NEUVE. (terre) On nomme ainsi la terre qui n'a jamais rapporté, comme celle qui se trouve à quatre ou cinq pieds de sa superficie. Celle qui a été long-tems inculte & qu'on a mise récemment en valeur est aussi une terre neuve.

NIELLE ; c'est une maladie particulière des bleds. Cette maladie se manifeste en vingt-quatre heures, & paroît être causée par ce qu'on appelle un coup de soleil, qui brûle la substance farineuse des grains. En effet, suivant l'observation des gens de la campagne, lorsque le soleil a paru dans toute sa splendeur, & que tout-à-coup du sein de la terre ou d'en haut il


s'élève un brouillard épais, alors si ces rayons ardens franchissent ces vapeurs & embrassent l’horison, on craint la nielle pour les blés, crainte qui n'est que trop bien fondée & presque toujours réalisée.

NITRE ou Salpêtre ; c'est un sel fort répandu dans toute la nature, qui est regardé comme un puissant agent de la végétation. Du tems de Virgile on en saupoudroit les terres pour les faire produire. Cependant il est dangereux de se servir de ce moyen sans de grandes précaution. La neige est bienfaisante aux plantes parce qu'elle est, dit-on, nitreuse.

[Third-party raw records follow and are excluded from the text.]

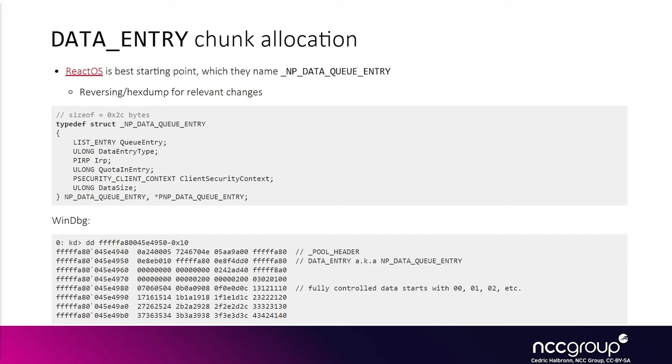It gives us much more control over the kernel pool element fields. Our goal is to replace the freed kernel pool element and replace its next memory fling pointer with a pointer that points somewhere we control.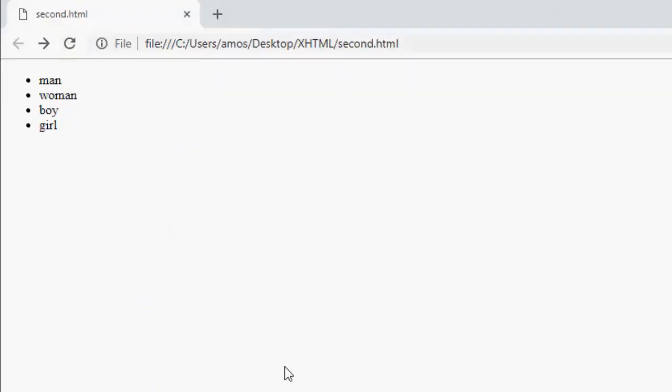All right, we've corrected the third one. So this is an unordered list: man, woman, boy, and girl. The browser had bulleted for us.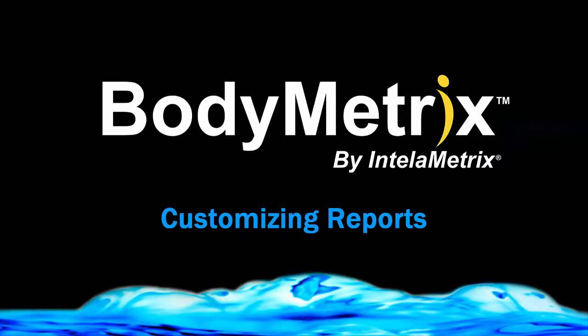Hello BodyMetrics users. In this video we'll explain how you can customize or edit the My Health report generated by the BodyMetrics software.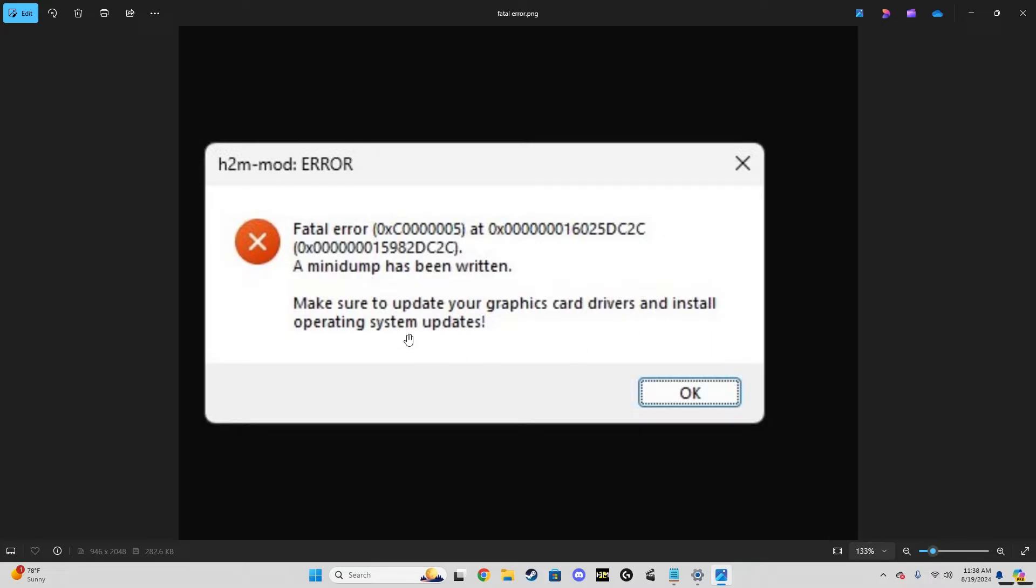So once you're at that point and you've done this and made sure your memory is good, if you're still getting the fatal error, unfortunately you're going to have to do some slightly more difficult steps to get h2m working.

NIVEAU ; instrument géométrique, utile dans l'agriculture & le jardinage.

Cet instrument sert à faire connoître si un point est plus élevé qu'un autre, par rapport au centre de la terre ; on l'emploie aussi pour tracer une ligne parallèle à l’horison, pour dresser & unir un terrain, pour régler les pentes, conduire les eaux, &c. On nomme aussi niveau la ligne parallèle à l’horison, & l'on dit dans ce sens poser de niveau, araser de niveau.

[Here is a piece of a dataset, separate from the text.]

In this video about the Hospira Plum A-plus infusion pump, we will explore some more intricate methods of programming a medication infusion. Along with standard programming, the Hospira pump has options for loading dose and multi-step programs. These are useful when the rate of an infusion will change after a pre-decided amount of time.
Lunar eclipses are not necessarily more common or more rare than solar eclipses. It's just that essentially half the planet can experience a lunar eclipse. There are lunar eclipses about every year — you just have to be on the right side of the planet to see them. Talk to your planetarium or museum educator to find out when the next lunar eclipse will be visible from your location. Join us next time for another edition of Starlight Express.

Le niveau de jardinier est ordinairement l'équerre des maçons.

On dit qu'un terrain ou une allée est de niveau, lorsqu'ils ne sont pas plus hauts en un endroit qu'en l'autre. On dit aussi qu'il faut dresser une allée suivant son niveau de pente, lorsqu'on fait en sorte que sa pente soit égale par-tout dans la longueur de l’allée, de manière qu'elle paroisse unie d’un bout à l'autre, quoiqu'elle ne soit point horisontale.

NODUS ; terme de jardinage. C’est une grosseur soit naturelle, soit contre nature, qui fait quelque saillie. On dit les nodus du bled & des autres plantes semblables, où le long de la tige sont des grosseurs faisant saillie, & ces sortes de nodus sont dans l’ordre de la nature.

Les nodus contre nature sont, dans les plantes, des tumeurs qui ont pour principes un dépôt d’humeurs vicieuses, ce qui arrive quand, par des coupes vicieuses & des plaies réitérées, il se fait dans une plante des tumeurs saillantes, de quantité de bourelets cicatrisans. Une plaie n'est pas encore fermée, que l’année suivante, à côté de cette plaie au-dessus & au-dessous, il s'en fait de nouvelles formant de nouveaux calus l'un auprès de l'autre, ce qui occasionne ces nodus si difformes. Une branche, un gros bois auront été forcés, tors, contournés par quelque cause que ce puisse être ; alors il s'y forme des nodus par l'accession du suc nourricier. Il survient une grêle fort grosse, fouettée par le vent, laquelle hache, brise & enlève la peau de la plante, faisant des contusions & plaies sur plaies ; alors par-tout aux vignes comme aux arbres ; ce ne sont que de ces sortes de nodus. (Schabol.)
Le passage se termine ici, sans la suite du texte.